Dans les faits, cette manœuvre avait l’objectif politique d’affaiblir le nationalisme québécois, qui avait le vent en poupe depuis quelques années. La Constitution fut adoptée par Trudeau et les Premiers ministres des neuf autres provinces, dans ce qui a été appelé la Nuit des longs couteaux. Ironiquement, le Québec s’est servi de la clause dérogatoire que le fédéral avait concédée aux provinces pour leur faire accepter la Constitution fédérale, plus que n’importe quelle autre. Celle qui permet à une province d’adopter une loi contrevenant à la Charte fédérale, sous certaines conditions, pour préserver la souveraineté des parlements fédérés. Dans la quasi-totalité des cas, c’était pour protéger la loi 101. C’est dans ce même contexte qu’aujourd’hui le gouvernement québécois utilise cette clause pour inscrire dans le droit, le choix de la laïcité. Il s’agit en quelque sorte, ironie du sort, du dernier rempart juridique permettant de protéger les spécificités de la société québécoise.

Limitations des libertés individuelles : au nom de quoi?

Ce n’est pas l’inscription du principe de séparation de l’Église et de l’État qui pose problème à certains, mais ses applications pratiques. La CAQ a décidé de suivre la recommandation du rapport Bouchard-Taylor stipulant qu’il serait raisonnable d’imposer un devoir de réserve aux employés de l’État détenant un pouvoir de coercition, mais d’y ajouter aussi les enseignants, en position d’autorité à l’école. Les auteurs du rapport ont, depuis, changé leur fusil d’épaule et se sont joints aux contestataires qui distinguent « laïcité des institutions » et « laïcité des personnes ». Cette dernière entrant forcément en conflit avec la conception des droits et libertés de la personne contenue dans les Chartes canadiennes et québécoises.

Chez les opposants, on déplore l’utilisation de la clause dérogatoire car on juge qu’il n’y a pas de motif supérieur justifiant l’interdiction du port de signes religieux. Par exemple, qu’elles soient nées au Québec ou issues de l’immigration, les futures policières ou enseignantes portant le hijab se voient privées d’un choix de carrière. Au nom de quoi ? Le gain est intangible alors que les conséquences négatives sont concrètes et pourraient, toujours selon les opposants, nuire à l’intégration des immigrés.

Bref, le choix du Québec de légiférer en matière de laïcité affirme une conception civique de la citoyenneté : elle inverse le fardeau de la preuve en demandant plutôt pourquoi le port de signes religieux devrait être soustrait au devoir de réserve qui pèse sur les employés de l’État en position d’autorité.
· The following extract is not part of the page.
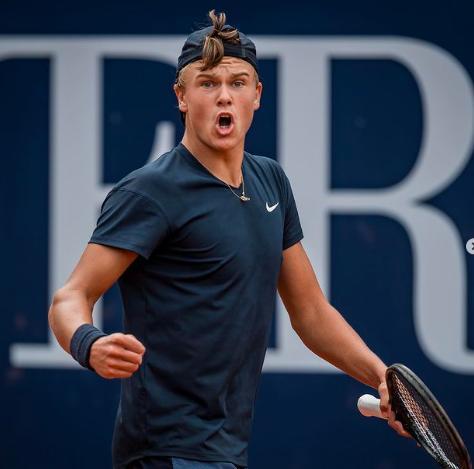 得理想成绩 得理想成绩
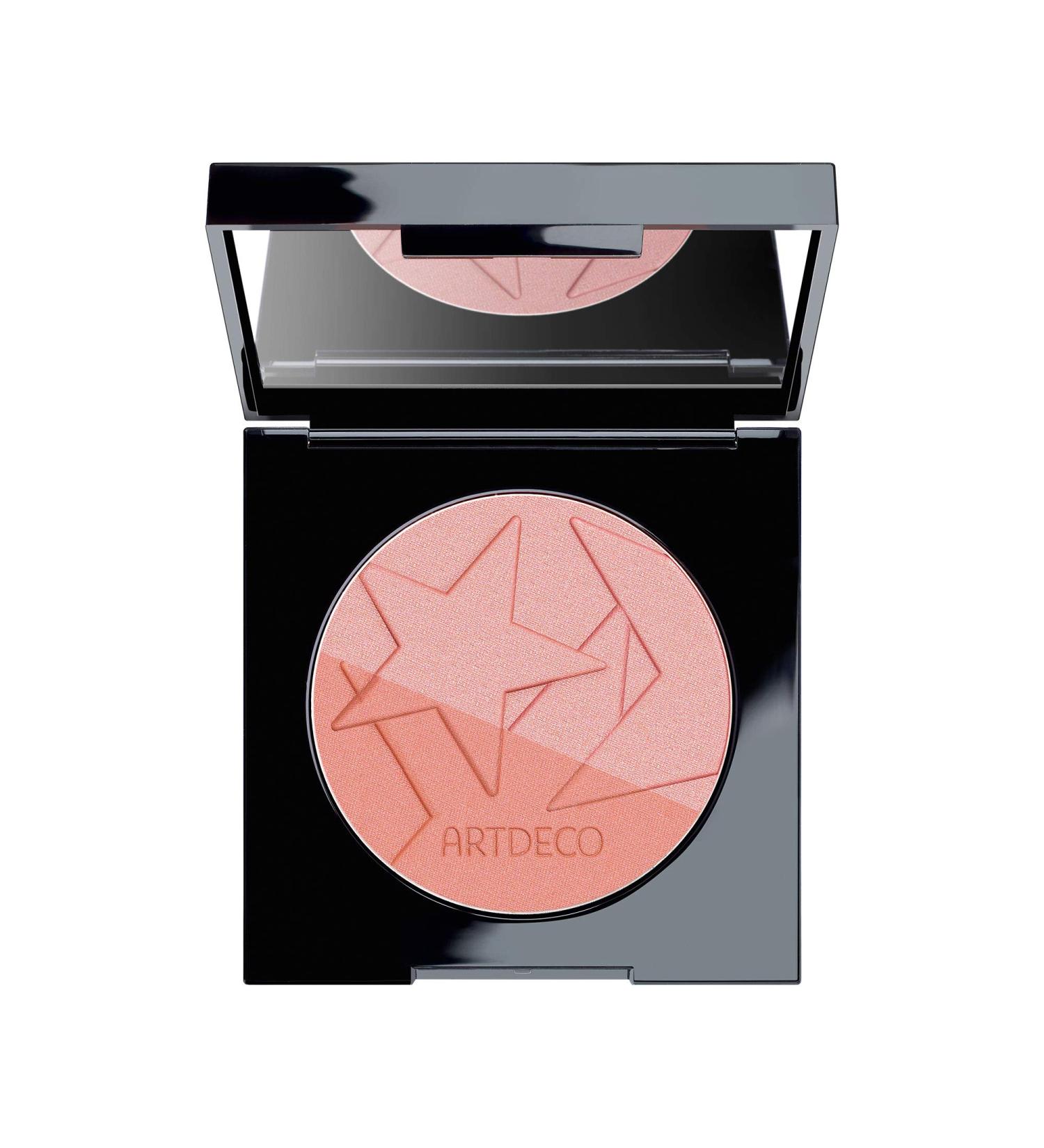 Blush Couture Glamor Makeup 10g - Premium International Shipping | Buy Now - Buy Online on GoSupps.com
Il choque autant qu’il enthousiasme en entretenant la rivalité juridique entre le Québec et le Canada et pose, à nouveaux frais, la question de la séparation des pouvoirs et de la souveraineté populaire. Reste à voir s’il rallumera la flamme souverainiste ou s’il prouvera, au contraire, que le nationalisme québécois peut s’épanouir dans le cadre politico-juridique du fédéralisme canadien.